Fixes #89 - read_file and web_fetch read full content before truncation

  • Added hard read limits for file reads, including byte and line caps, binary/oversized file handling, and clearer truncation reporting.
  • Reworked web fetch to stream response bytes up to the configured cap instead of reading the complete body first via response.text.
  • Added resource-exhaustion tests for large files, large HTTP responses, streaming truncation, and decode behavior.

Fixes #90 - AgentTool background task lifecycle and event queue cross-talk

  • Tracked background agent tasks through task state/manager plumbing so task lifecycle can be updated and stopped more predictably.
  • Ensured background task cancellation and exceptions close event queues and update task state instead of leaving fire-and-forget tasks unmanaged.
  • Moved per-call event queue handling away from shared cross-talk-prone state and made AgentTool execution concurrency-safe behavior match the actual lifecycle constraints.
  • Added tests for background success/failure/cancellation, queue closure, task stop behavior, and concurrent event queue isolation.

Fixes #92 - ShellHistoryProvider rereads full history on each keystroke

  • Added shell history caching keyed by file metadata so repeated suggestions reuse parsed entries until the history file changes.
  • Preserved deduplication and suggestion filtering while avoiding repeated full-file reads during interactive typing.
  • Added tests for cache hits, cache invalidation, and bounded suggestion behavior.

Additional Notes

  • Updated ACP protocol reference docs under website/docs and all website i18n copies.
  • Kept root docs/ planning files, src/iac_code/i18n/messages.pot, and compiled messages.mo files out of git tracking; they remain generated/ignored artifacts.
  • Rebased onto the latest origin/main and reviewed compatibility with new main changes in update checking, provider robustness, and agent stream termination.

Test Plan

  • PATH=/Users/ehzyo/.local/bin:$PATH make translate
  • PATH=/Users/ehzyo/.local/bin:$PATH make lint
  • PATH=/Users/ehzyo/.local/bin:$PATH make test (4454 passed, 244 warnings)
  • Rebase compatibility spot-check for agent_loop, update_checker, OpenAI/OpenRouter provider changes, and ProviderManager fallback behavior

guima-why added 16 commits June 5, 2026 00:01
Fix context compaction so tool_use/tool_result round trips are not split across summarized and preserved messages.

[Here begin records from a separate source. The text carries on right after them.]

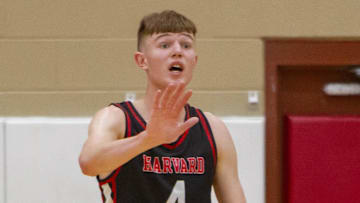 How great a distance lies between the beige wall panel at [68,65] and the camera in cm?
283

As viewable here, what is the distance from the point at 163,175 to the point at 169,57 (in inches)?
16.0

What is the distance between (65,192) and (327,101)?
1.65 metres

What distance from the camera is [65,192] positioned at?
2801 millimetres

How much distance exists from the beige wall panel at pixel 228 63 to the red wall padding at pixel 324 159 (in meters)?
0.36

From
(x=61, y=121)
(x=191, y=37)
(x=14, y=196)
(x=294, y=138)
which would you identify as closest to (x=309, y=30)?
(x=294, y=138)

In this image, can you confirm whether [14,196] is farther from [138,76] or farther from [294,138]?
[294,138]

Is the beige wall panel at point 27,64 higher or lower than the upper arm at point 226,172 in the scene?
higher

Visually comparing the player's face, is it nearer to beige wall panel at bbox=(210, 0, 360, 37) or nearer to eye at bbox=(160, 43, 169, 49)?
eye at bbox=(160, 43, 169, 49)

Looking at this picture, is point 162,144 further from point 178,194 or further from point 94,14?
point 94,14

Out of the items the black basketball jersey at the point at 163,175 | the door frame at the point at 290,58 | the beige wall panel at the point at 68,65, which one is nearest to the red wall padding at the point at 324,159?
the door frame at the point at 290,58

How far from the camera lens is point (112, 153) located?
1.48m

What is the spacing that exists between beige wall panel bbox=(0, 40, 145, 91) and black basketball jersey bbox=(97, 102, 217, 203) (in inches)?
44.6

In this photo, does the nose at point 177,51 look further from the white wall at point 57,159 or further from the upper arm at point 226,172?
the white wall at point 57,159

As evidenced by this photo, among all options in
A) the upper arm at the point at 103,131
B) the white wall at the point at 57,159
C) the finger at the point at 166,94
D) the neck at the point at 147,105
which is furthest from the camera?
the white wall at the point at 57,159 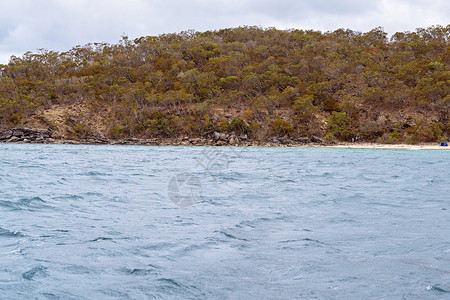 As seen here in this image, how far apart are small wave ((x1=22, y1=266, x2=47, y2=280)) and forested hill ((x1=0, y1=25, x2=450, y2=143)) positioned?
5032 cm

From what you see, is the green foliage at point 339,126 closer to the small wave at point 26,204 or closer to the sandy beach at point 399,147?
the sandy beach at point 399,147

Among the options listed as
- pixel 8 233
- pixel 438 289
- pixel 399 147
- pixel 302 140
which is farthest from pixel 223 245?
pixel 302 140

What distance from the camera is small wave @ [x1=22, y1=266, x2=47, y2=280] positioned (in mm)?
5057

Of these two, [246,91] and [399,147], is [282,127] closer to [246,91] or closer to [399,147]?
[246,91]

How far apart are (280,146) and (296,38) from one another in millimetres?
37929

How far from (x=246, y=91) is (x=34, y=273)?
6365 centimetres

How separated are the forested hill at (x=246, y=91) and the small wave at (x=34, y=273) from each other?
50.3 m

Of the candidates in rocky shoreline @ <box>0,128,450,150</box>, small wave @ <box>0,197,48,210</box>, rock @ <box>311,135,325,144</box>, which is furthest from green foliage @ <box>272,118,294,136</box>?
small wave @ <box>0,197,48,210</box>

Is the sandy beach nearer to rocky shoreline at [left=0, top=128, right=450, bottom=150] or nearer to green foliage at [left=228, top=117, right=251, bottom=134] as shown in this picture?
rocky shoreline at [left=0, top=128, right=450, bottom=150]

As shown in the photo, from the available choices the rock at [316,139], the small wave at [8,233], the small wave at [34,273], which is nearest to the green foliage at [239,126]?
the rock at [316,139]

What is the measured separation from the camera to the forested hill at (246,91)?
56500mm

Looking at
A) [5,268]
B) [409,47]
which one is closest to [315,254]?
[5,268]

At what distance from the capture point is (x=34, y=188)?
13.4 metres

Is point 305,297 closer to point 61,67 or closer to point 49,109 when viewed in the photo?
point 49,109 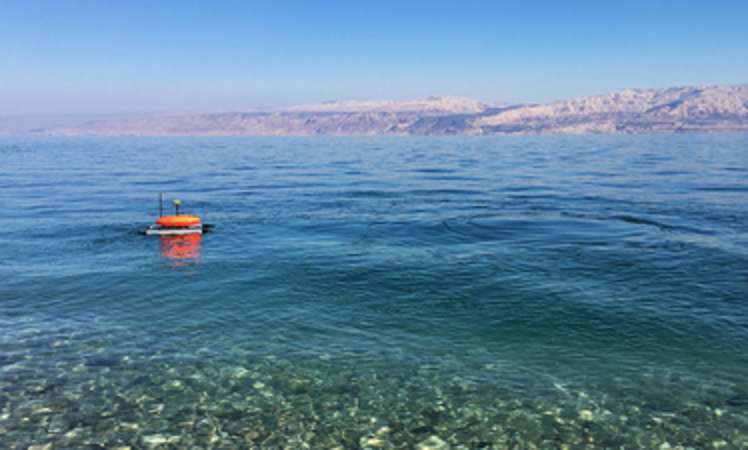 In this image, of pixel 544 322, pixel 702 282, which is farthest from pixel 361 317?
pixel 702 282

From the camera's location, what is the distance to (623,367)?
23516mm

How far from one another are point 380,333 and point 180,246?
28.5 metres

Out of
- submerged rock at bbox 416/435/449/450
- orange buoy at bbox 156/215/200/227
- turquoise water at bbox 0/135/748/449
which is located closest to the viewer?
submerged rock at bbox 416/435/449/450

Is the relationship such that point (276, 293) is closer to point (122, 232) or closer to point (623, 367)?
point (623, 367)

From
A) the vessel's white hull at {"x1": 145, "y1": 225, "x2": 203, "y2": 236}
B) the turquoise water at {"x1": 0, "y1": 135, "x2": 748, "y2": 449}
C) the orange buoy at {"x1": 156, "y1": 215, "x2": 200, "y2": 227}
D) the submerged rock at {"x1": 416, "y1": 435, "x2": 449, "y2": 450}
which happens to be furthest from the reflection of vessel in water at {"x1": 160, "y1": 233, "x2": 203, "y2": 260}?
the submerged rock at {"x1": 416, "y1": 435, "x2": 449, "y2": 450}

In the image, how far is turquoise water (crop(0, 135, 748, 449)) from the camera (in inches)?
752

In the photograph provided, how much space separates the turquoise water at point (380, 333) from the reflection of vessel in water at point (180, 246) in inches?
16.4

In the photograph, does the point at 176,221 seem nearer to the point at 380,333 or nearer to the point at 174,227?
the point at 174,227

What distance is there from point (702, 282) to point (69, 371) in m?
39.5

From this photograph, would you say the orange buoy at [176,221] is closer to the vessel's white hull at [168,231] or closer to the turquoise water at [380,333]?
the vessel's white hull at [168,231]

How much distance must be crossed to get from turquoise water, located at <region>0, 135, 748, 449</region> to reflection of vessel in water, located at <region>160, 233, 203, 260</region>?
1.37ft

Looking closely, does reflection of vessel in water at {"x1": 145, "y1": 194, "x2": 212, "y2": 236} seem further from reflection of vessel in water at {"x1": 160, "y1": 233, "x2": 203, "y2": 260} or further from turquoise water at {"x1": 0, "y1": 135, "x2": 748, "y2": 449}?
turquoise water at {"x1": 0, "y1": 135, "x2": 748, "y2": 449}

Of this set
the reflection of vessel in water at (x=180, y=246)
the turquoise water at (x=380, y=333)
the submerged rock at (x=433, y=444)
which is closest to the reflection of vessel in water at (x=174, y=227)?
the reflection of vessel in water at (x=180, y=246)

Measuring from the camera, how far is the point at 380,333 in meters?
27.6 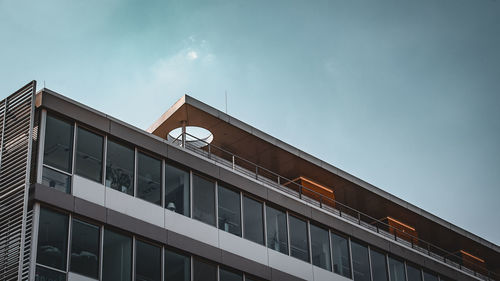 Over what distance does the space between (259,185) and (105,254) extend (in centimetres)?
874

Track background agent asyncio tasks in TaskManager so /tasks stop and task_stop cancel running coroutines, consume background task exceptions, and avoid shared event_queue state on concurrency-safe AgentTool calls.

Fixes #82. Fixes #90.
Fix issue #80 by adding a shared atomic text writer, using it for YAML config and input history saves, preserving truncated session JSON escapes, and disabling lexicographic comparison for invalid update versions.
Fixes #92, #84, #85, and the approved medium scope of #76.\n\n- Cache shell history suggestions by history file identity and cap results.\n- Fix /model custom apiBase detection and preserve custom apiBase on model switch.\n- Improve /status compact token formatting.\n- Use gettext ngettext for resume picker plurals and update catalogs.\n- Include tool definitions in context usage and add model-family token estimate fallbacks.
Fix ROS stack success detection, terminal telemetry timing, and blocking SDK calls.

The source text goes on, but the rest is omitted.